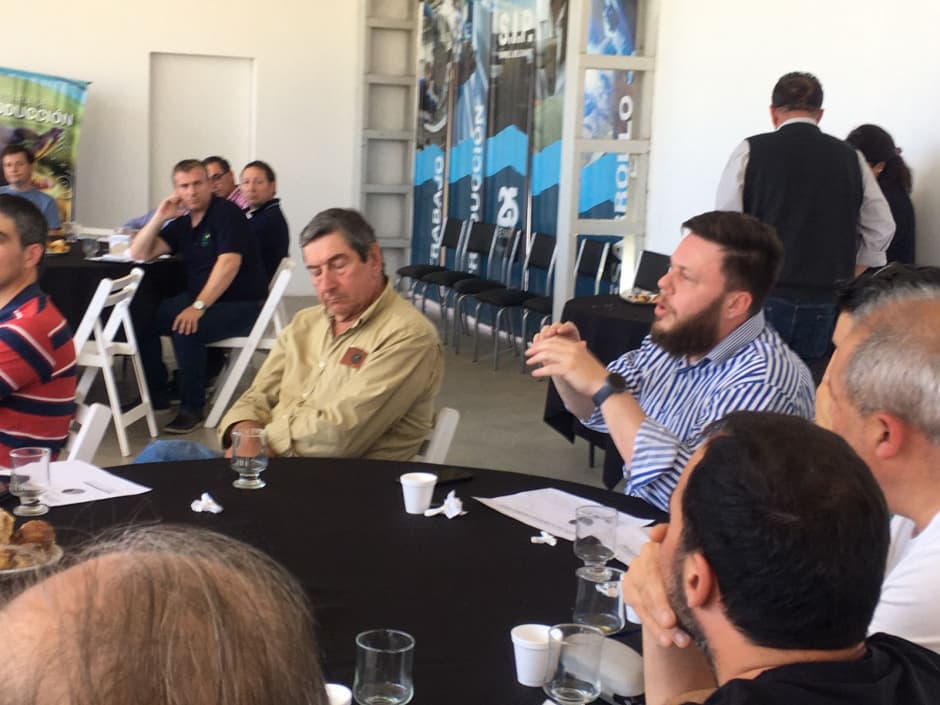 Encuentro con funcionarios de OCEBA en 25 de Mayo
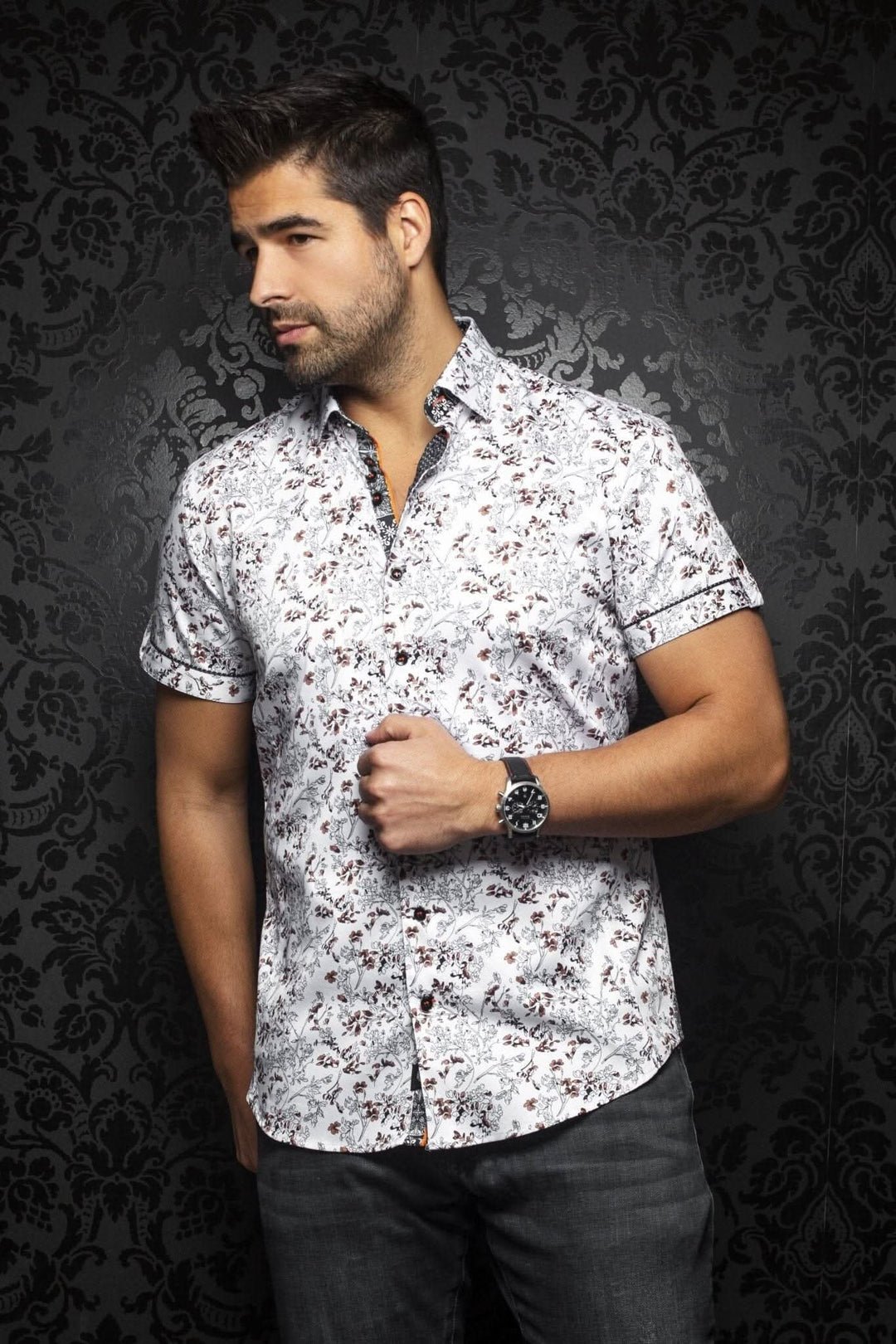 Chemise à manches courtes pour homme avec motifs contrastants sur fond clair.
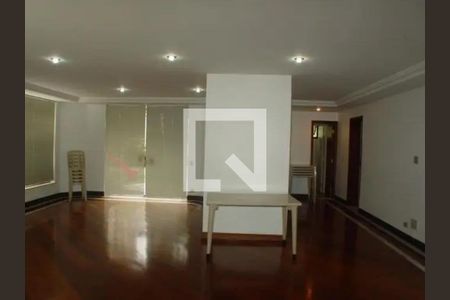 Apartamento à venda com 200m², 4 quartos e 3 vagas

- Exercise prompt:
Write out the whole listing above exactly; do not include the pictures.

- Expected output:
 Encuentro con funcionarios de OCEBA en 25 de Mayo
 Chemise à manches courtes pour homme avec motifs contrastants sur fond clair.
 Apartamento à venda com 200m², 4 quartos e 3 vagas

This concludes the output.